Merci, on le savait, on parle de catégories socialement construites qui font fonctionner des mécanismes que l’on essaie d’analyser, pour cela nous avons besoin d’en parler.

- « D’accord, mais même si ce sont des constructions sociales, ce ne sont pas des catégories binaires, il y a les métis par exemple, et tout un tas de facteurs qui rendent cette histoire plus-compliquée-que-ça. »

Merci, on le savait aussi, personne n’a dit que la racialisation était binaire, c’est un processus complexe, qui touches à beaucoup de formes de mécanismes de contrôle social, pas uniquement raciaux d’ailleurs. On essaie d’analyser tout cela, pour cela nous avons besoin d’en parler.

L’argument de « c’est- plus- compliquée- que- ça » est un argument fallacieux classique qui consiste à dire une évidence (« C’est plus compliqué ! », merci, on le savait) pour en tirer les mauvaises conclusions : du coup il faudrait nier cette question et elle disparaitra toute seule. Auquel cas nous répondons que, justement, il faut d’autant plus étudier cette question de fond en comble qu’elle est complexe.
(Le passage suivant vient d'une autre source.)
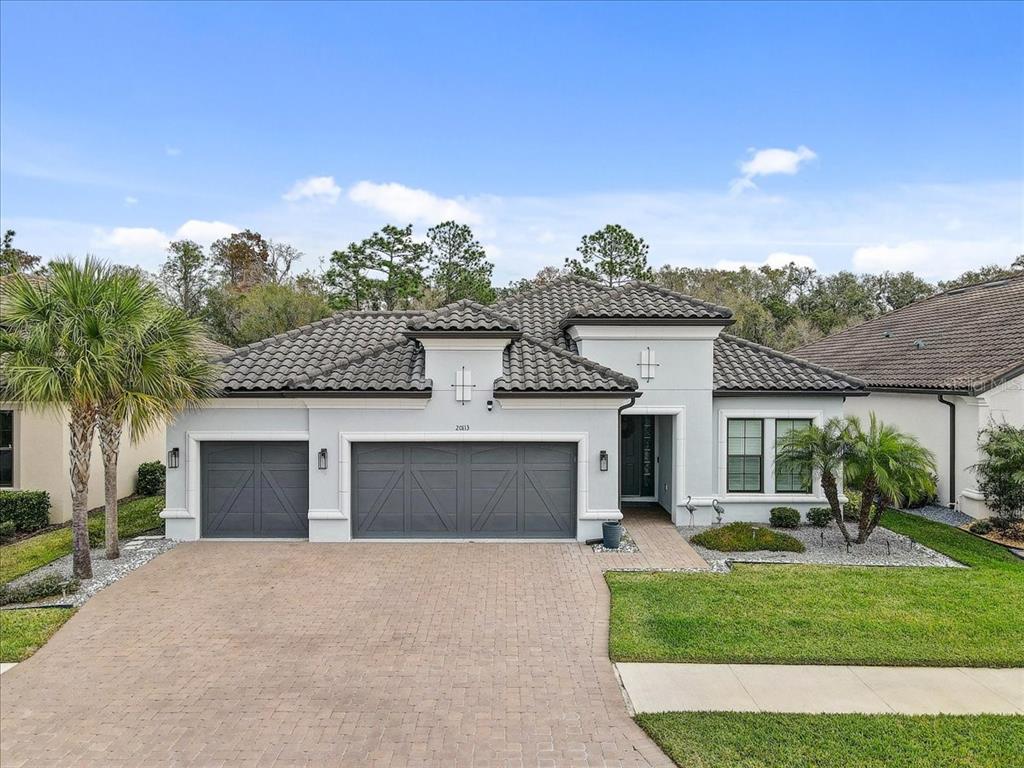 A single-story house with a gray tile roof, white stucco walls, and a three-car garage — 20113 UMBRIA HILL DRIVE, TAMPA, FL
On a donc vu récemment se populariser un concept pour disqualifier ceux qui tenteraient de politiser l’antiracisme : les « racialisateurs ».
Le fond du discours sous-tendu par ce terme est parfaitement similaire au vieux discours d’extrême- droite : il s’agit de dire qu’en fait ce sont les racisés qui sont un facteur de division (de la Nation, du Prolétariat, des luttes etc.), en tout cas au moins autant que le racisme institutionnel lui-même, y compris le racisme de gauche. [6].

Ce discours va même plus loin grâce au terme « racialisateur » on fait des racisés qui tentent de politiser leur oppression les nouveaux racistes.
Les prétextes ne manquent pas pour détailler les manifestations de ce nouveau racisme des racisés : non- mixité, religion, burkini, racisme anti- blancs…

De fait, cette idée n’est pas neuve, les féministes en font déjà les frais depuis longtemps avec l’appellation féminazies. On connaissait aussi les enfants- tyrans, terme qui désigne les enfants (c’est-à-dire sûrement une des catégories socialement les plus opprimée) qui ne supportent pas d’être assis sur des chaises 8 heures par jour pendant 18 ans… quelle bande de petits Hitler en culottes-courtes, en effet.

On peut décliner le concept autant de fois qu’il existe de formes d’oppressions : racialisateurs, féminazies, enfants- tyrans, homofascistes, transdictateurs, une vraie ligue de super- vilains post- modernistes.
Rien de neuf dans ce genre de réactions cela- dit : la situation de domination étant la norme, la rébellion est toujours vécue par les dominants comme une insupportable violence, une injustice qui leur est faite.